Plasenta yang gres dilahirkan biasanya mengeluarkan cairan, pada kelahiran Lotus, cairan itu di tampung dan disimpan di dalam waskom atau mangkuk, selanjutnya didekatkan pada bayi. Kain yang dipakai untuk menutupi plasenta haruslah memungkinkan terjadinya pertukaran udara, sehingga plasenta tidak berbau busuk dan menjadi kering. Ada yang memakai garam bahari untuk mempercepat proses pengeringan plasenta. Kadang-kadang ada yang mengoleskan minyak esensial, menyerupai lavender atau abu tumbuh-tumbuhan menyerupai goldenseal, neem, dicampurkan dengan lavender sebagai anti bakteri. Kalau pengeringan plasenta tidak dilakukan secara baik, maka plasenta akan mengeluarkan anyir tidak sedap. Bau tersebut sanggup diatasi dengan penanaman plasenta secara eksklusif atau didinginkan (menyimpan dalam lemari es) sehabis ahad pertama pasca persalinan. Kelahiran Lotus jarang dilakukan di rumah sakit. Lebih sering terjadi pada persalinan di rumah dan pusat-pusat kelahiran Lotus.


Sejarah Lotus Birth
Negara perintis Lotus birth yaitu Amerika. Lotus birth dilakukan sebagai langkah pencegahan untuk melindungi bayi dari abses luka yang terbuka. Meskipun Lotus birth ini merupakan suatu fenomena yang baru, tapi penundaan pemotongan tali sentra sudah ada dalam budaya Bali dan budaya suku Aborigin Australia. Dan keputusan Lotus birth serta imbas fisiologis yang sanggup terjadi merupakan tanggung jawab dari klien yang telah menentukan dan menciptakan keputusan tersebut.
Primatolog Jane Goodall, yaitu orang pertama untuk melaksanakan apapun studi jangka panjang dari monyet di alam bebas Pada binatang Simpanse, yang merupakan mamalia dengan 99% materi genetik hampir sama dengan manusia, juga pada prakteknya membiarkan plasenta utuh, tidak merusaknya bahkan memotongnya. Hal itu dikenal dengan fakta primatologis. Beberapa praktisi kelahiran teratai monyet merujuk kepada praktek sebagai latihan alami bagi insan juga.
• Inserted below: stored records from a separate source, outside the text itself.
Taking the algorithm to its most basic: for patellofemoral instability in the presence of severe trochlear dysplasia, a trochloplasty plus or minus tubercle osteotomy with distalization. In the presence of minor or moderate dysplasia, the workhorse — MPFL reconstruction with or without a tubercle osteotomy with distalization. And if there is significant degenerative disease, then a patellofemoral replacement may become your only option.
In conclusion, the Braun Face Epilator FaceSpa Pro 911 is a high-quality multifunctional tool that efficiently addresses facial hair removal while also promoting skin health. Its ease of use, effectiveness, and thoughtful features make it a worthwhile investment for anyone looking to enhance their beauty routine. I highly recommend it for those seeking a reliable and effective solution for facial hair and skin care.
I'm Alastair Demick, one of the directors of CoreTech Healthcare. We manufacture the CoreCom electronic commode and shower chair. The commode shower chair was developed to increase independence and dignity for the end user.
Informasi mengenai lotus birth ini terdapat dalam aliran Budha, Hindu, Nasrani serta Yahudi.
Di Tibet dan Zen Buddhisme, istilah "kelahiran teratai" dipakai untuk menggambarkan para guru spiritual menyerupai Buddha Gautama dan Padmasambhava (Lien Sen-hua), menekankan mereka masuk ke dunia sebagai utuh, belum dewasa kudus. Kelahiran acuan teratai juga ditemukan dalam Hinduisme, contohnya dalam dongeng kelahiran Wisnu.


Sampai kini belum ada penelitian lebih lanjut mengenai penyakit kuning dan kehilangan berat tubuh bayi lantaran tindakan Lotus birth.
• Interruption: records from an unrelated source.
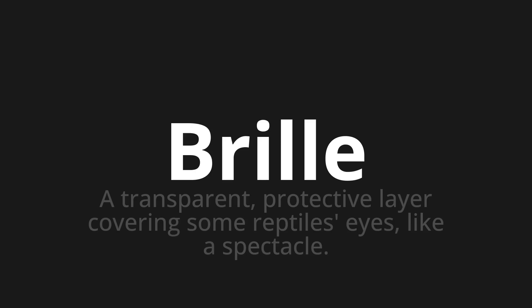Welcome to How to Pronounce. In today's video, we'll be focusing on a new word that you might find challenging or intriguing. So, let's dive into today's word. Brille. Which means a transparent, protective layer covering some reptile's eyes, like a spectacle.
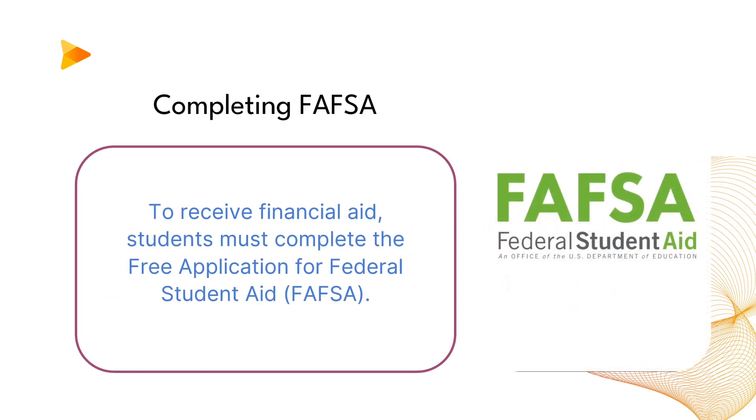To receive financial aid, students must complete the Free Application for Federal Student Aid, FAFSA.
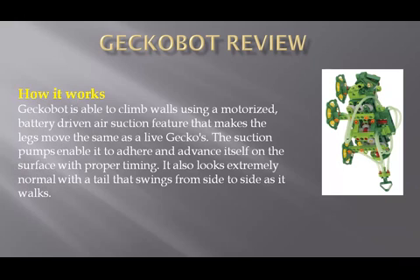How does it work? Gecko Bot is able to climb walls using a motorized, battery-driven air suction feature that makes the legs move the same as a live gecko's. The suction pump enables it to adhere and advance itself on the surface with proper timing. It also looks extremely natural, with a tail that swings from side to side as it works.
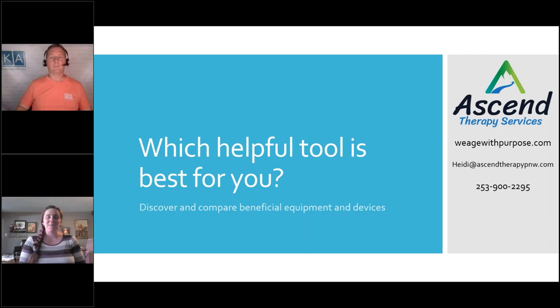Hello, my name is Heidi. I am an occupational therapist with Ascend Therapy Services and my mission is to help aging adults and their families maximize independence and safety so that individuals can continue to do what they love, rather than focus so much time and energy on the daily tasks they need to do — so they can get through what they need to do and enjoy what they love to do.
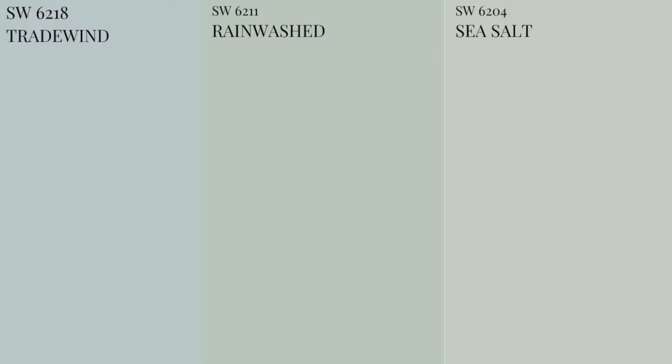If you place a swatch of Sherwin Williams Rain Washed against Sherwin Williams Sea Salt, you'll observe that Rain Washed holds more color and blue to it. On the other hand, when placing a swatch of Rain Washed against Sherwin Williams Trade Wind, you'll observe the existing green undertones. This color has a perfect blend of blue, green, and gray. If you're looking for a paint color that offers the beautiful characteristics of all three, Rain Washed is definitely something to have an eye on. Keep in mind it's lighter-toned and can be used in smaller to medium-sized spaces.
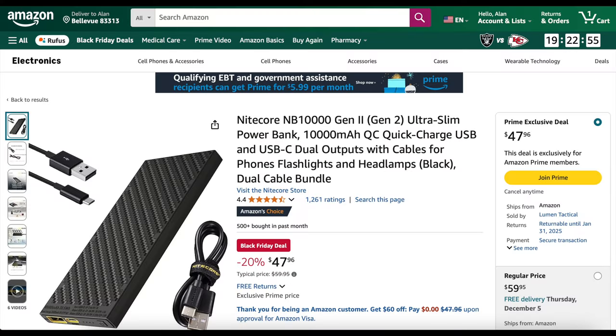Before Garmin stuff, a Nitecore 10,000 Gen 2 power bank, which I've mentioned many times — it's my favorite. It has USB-A and USB-C outputs. Right now Nitecore is 20% off — that battery is $47.96, which I never see go on sale.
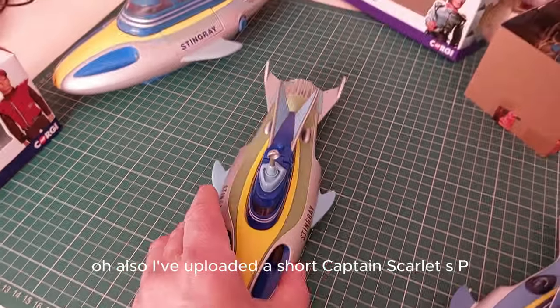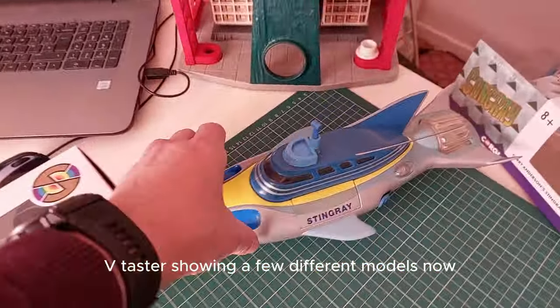Also, I've uploaded a short Captain Scarlet SPV taster showing a few different models.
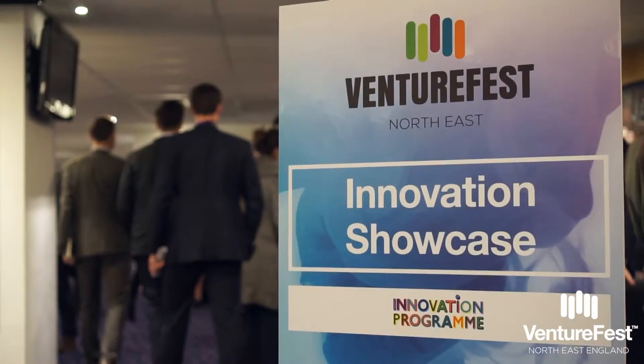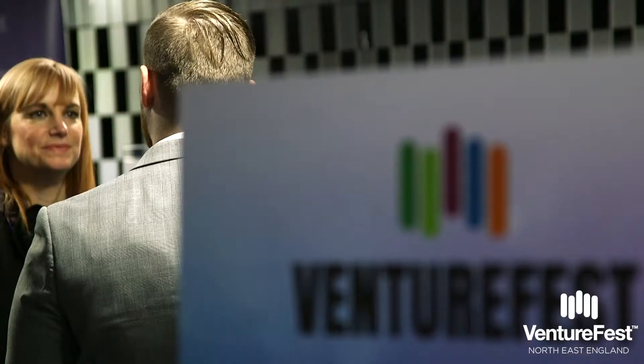BMS Home is at Venturefest to showcase Thermionics and make connections with people who can introduce us and get involved with us in exploiting the technology. We think there are great opportunities beyond the ones I've already described to you and we would like to get connected with people who can introduce us to those opportunities.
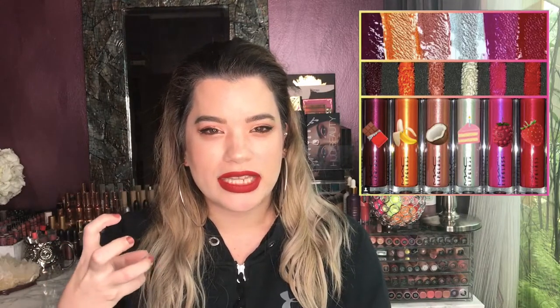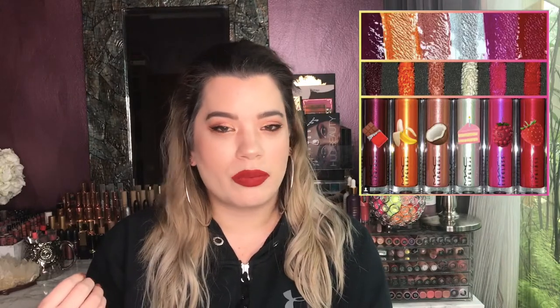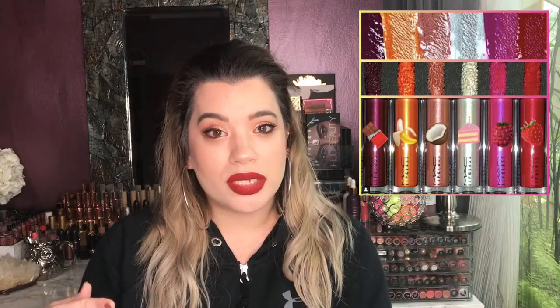Next up are some new MAC lip glasses, all sweets-themed — very shimmery and pretty with names like Death by Chocolate, Funfetti Cake, and Coconut Macaroon. I'm not a huge fan of MAC glosses in general because they can be goopy, but I do have three MAC lip glasses I'm obsessed with. Unless a color really stands out, I normally pass. I'll go in store to swatch them when they release, but as of now it's a pass.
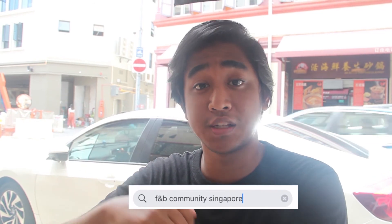If you want us to feature your restaurant, home business, or cafe next, all you have to do is join our FB Community Group called F&B Community Singapore. Just post and feature your restaurant or business on the page itself and you might be the next one we feature. Thank you and see you again.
Penghormatan terhadap plasenta di aneka macam budaya
Beda bangsa, tempat dan suku beda pula penanganannya terhadap keberadaan ari-ari atau plasenta yang hadir saat persalinan terjadi. Dalam dunia pengobatan barat, plasenta dianggap tidak lebih dari sekedar buangan rumah sakit, tapi mengakui adanya penanganan khusus yang diberlakukan di aneka macam belahan dunia.
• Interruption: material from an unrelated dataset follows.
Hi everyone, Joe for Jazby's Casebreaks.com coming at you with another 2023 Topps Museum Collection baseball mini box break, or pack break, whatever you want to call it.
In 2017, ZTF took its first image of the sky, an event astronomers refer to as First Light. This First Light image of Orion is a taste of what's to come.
Diantara suku Navajo Indian barat daya, menjadi suatu kebiasaan untuk menguburkan plasenta bayi di keempat sudut kuburan keluarga yang dianggap mulia, sebagai suatu pengikat tanah leluhur dan masyarakat . Sementara suku Maori di Selandia Baru mempunyai tradisi yang sama yaitu menguburkan plasenta di tanah yang masih belum tercemar. Dalam bahasa orisinil Maori kata untuk tanah dan plasenta tersebut yaitu :whenua (baca: venua).


Suku pedalaman Bolivian Aymara dan Queche meyakini bahwa plasenta mempunyai spirit tersendiri. Karenanya seorang suami harus memperlakukan plasenta tersebut dengan mencuci dan menguburkannya pada tempat yang terlindung dan tersembunyi. Jika ritual tersebut tidak dilakukan secara benar, keyakinan mereka yaitu ibu atau bayi akan menjadi sakit atau bahkan mati.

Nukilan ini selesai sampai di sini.